Abstract

Nanoparticles (NPs) are particles of less than or equal to 100 nm in diameter. Due to their size, they have a significant effect on health and safety of people. Capture of these NPs in general ventilation systems by filters remains one of the most widely used means of protection due to its relative simplicity of implementation and its effectiveness for capturing various size of particles. In North America, filters used in general ventilation systems are tested by the ANSI/ASHRAE Standard 52.2 and are graded according to their efficiency, which is a function of particle diameter. However, the current standard limits the filtration efficiency assessment for particles between 0.3 and 10.0 microns. There is therefore a significant lack of knowledge about the behavior of these filters with respect to the particle diameter below 0.3 μm. The main objective of this study was to develop a measurement procedure to evaluate the effectiveness of mechanical filters used in general ventilation systems against (NPs). In this regard a small setup was designed, build and qualified. Then measurement procedure was validated by comparing the penetration measurements with those obtained on qualified big loop setup, which was inspired by ASHRAE setup for nano-metric particles.
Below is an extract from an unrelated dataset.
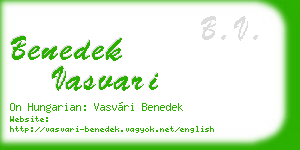 benedek vasvari business card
One type of mechanical filter rated (MERV 8) in three depth sizes (1, 2 and 4in) is used to illustrate the full penetration range that can be measured on both setups. The obtained results are consistent with the classical filtration theory for mechanical media and with previous experimental measurements on media and filters. The data presented in this study show that the particle range of 22.1-294.3 nm gives a fairy good correlation (R2=0.898) between the two setups and for the penetration range of 0.7-1.0 at two face velocities of: 1 and 0.75 m/s. The outcome results from this study is a firm validation to evaluate the effectiveness of mechanical filters used in general ventilation systems against nanoparticles.